No one performed heroic acts for external reward. Months after the bombing, I thought it would be a good idea to consider individual performance awards. Instead, we came apart as a community, second guessing and criticizing past actions. The focus needed to remain on group effort, not individual contributors.
To keep on course, ask powerful questions and listen to understand the answers
I understood that I could not take away wounds, pain, trauma, anger or sorrow, but I could enable a culture of healing. The only way I knew what that looked like was to ask questions of community members and experts and then listen. What I heard was this:
Put people first
Before the bombing our multi-agency mission goals focused on Department expectations. After the bombing, we set our own priorities. We knew best what needed to be done and had a sense of our capacity to carry on. We published mission priorities in the embassy newsletter so that the community could see that people came before policy. Over the following months, and with considerable outside help, we made astonishing progress. My own job was to make things happen.
Pay attention to the culture if you want to promote healing and accomplishment.
I had to push back people who wanted me to deal with minutia or make decisions for them. I also had to accurately represent the needs and views of the community to get the resources and attention we needed. That meant influencing colleagues in the Department to go beyond business as usual. I needed to bridge “we” and “they” attitudes as hundreds of people came from around the world to investigate the crime and support our efforts. I had to give feedback, hopefully hard on the problem and soft on the person.

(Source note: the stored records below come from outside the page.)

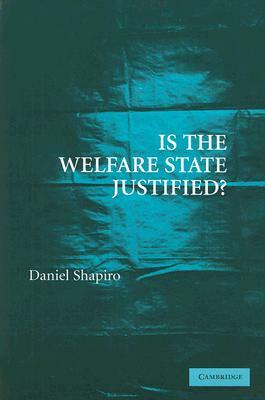 Is the Welfare State Justified? by Daniel Shapiro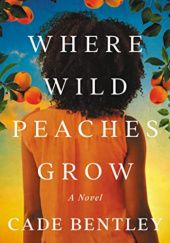 Okładka książki Where Wild Peaches Grow Cade Bentley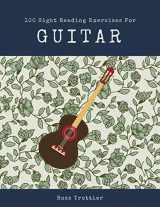 9781548275709-1548275700-100 Sight Reading Exercises for Guitar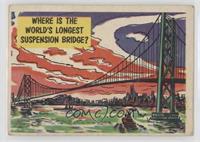 Where Is The World's Longest Suspension Bridge? [Good to VG‑EX]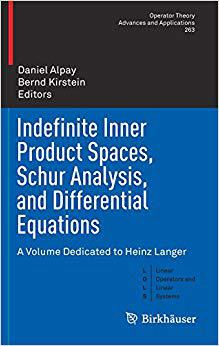 【预售】Indefinite Inner Product Spaces, Sch...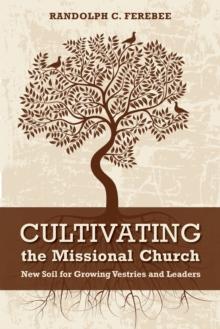 Cultivating the Missional Church : New Soil for Growing Vestries and Leaders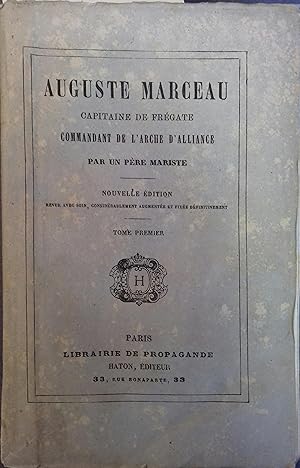 Auguste Marceau, capitaine de frégate, commandant de l'arche d'alliance. Tome premier seul. Par u...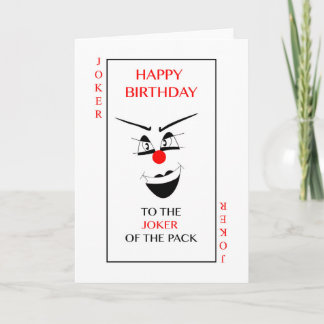Cartão Happy Birthday to the JOKER of the pack!
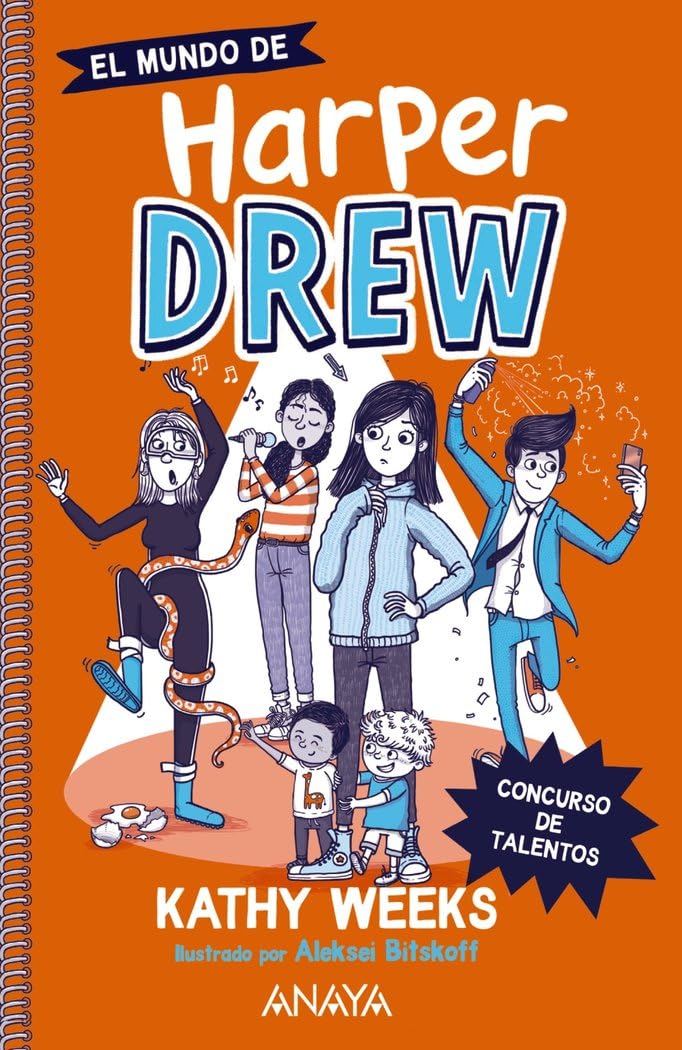 El mundo de Harper Drew. Concurso de talentos (LITERATURA INFANTIL - Narrativa infantil)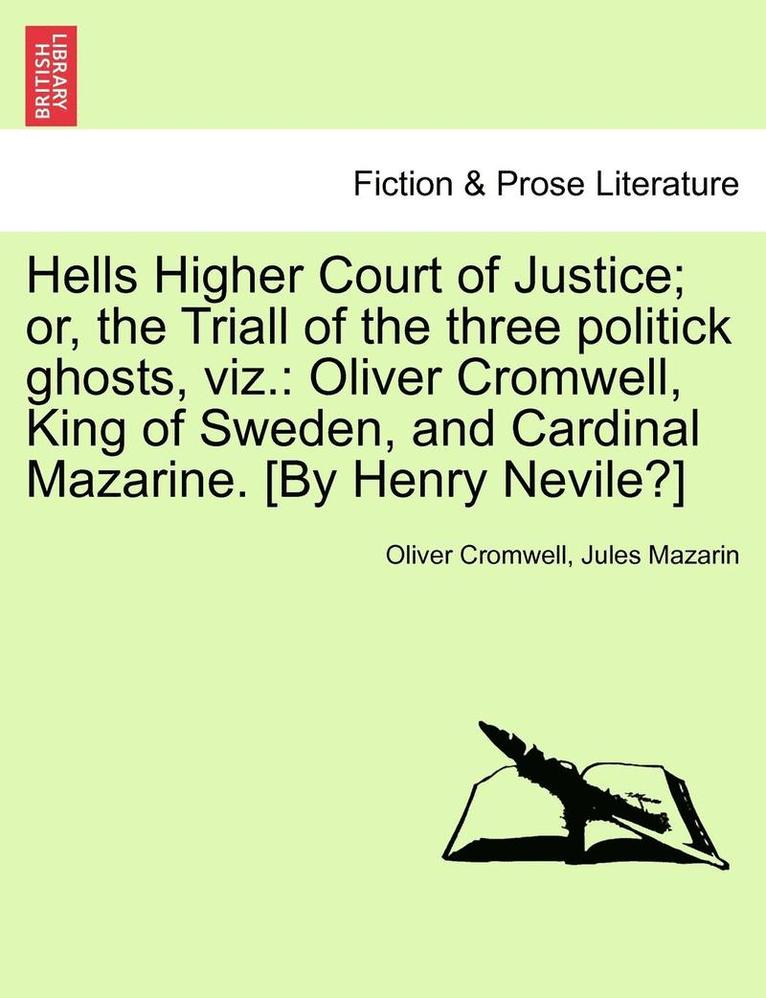 Hells Higher Court of Justice; Or, the Triall of the Three Politick Ghosts, Viz. 1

In return, I had to listen to feedback that was sometimes harsh and angry.

Dissent made a positive difference
Near the end of my tour some months after the bombing, I had to inform senior team members that we had lost the argument with Washington to create a park on the site of the bombed embassy. I tried hard to move this forward, but I was told “we don’t do parks.” Furthermore, the property belonged to the Kenyan government from whom we had a multi-decade lease. Tear down the building, grass over the land and hand it back to the government, were my instructions. I repeated the news at senior staff meeting.
“You can’t do that!” someone exclaimed. “Land grabbers will plant another building on the busy corner. Nothing will remain to commemorate what happened.” Everyone in the room knew instantly that he was right.
While colleagues found corporate and private sponsors to landscape and maintain a park, I lobbied every Kenyan cabinet minister to support my request that President Moi donate the land for a Peace Park. American officials who have since laid wreaths by the wall inscribed with names of the dead have no idea how it got there.

To take care of others I had to take care of myself
As a veteran of disasters from serving as Deputy Assistant Secretary in the Africa Bureau, I understood burn-out. To avoid it meant taking care of my body, my mind and my spirit.
Persevere in your efforts and celebrate milestones. The transformation you seek may not come on your watch.
When I left ten months after the attack, recovery was still a work in progress. Later as ambassador in Guatemala and Dean of the Leadership and Management School at the Foreign Service Institute, I learned to practice “transformational” leadership in a “transactional” culture. It requires trust and resources from above and teamwork all around
As political leaders today grapple with the corona virus pandemic, we can see a variety of leadership styles. Modeling and calling for transformational leadership will increases the odds that the changes we are shaping are positive ones.
[i] https://www.cio.com/article/3257184/what-is-transformational-leadership-a-model-for-motivating-innovation.html
Discussion Questions
- What experience have you had with transformational leadership? What skills were involved? How did people stay motivated? What was the impact of success or failure?
- If you could apply transformational leadership to an aspect of our life now, what would you want to change? Who would be part of your team? What role would you play? What next step do you want to take?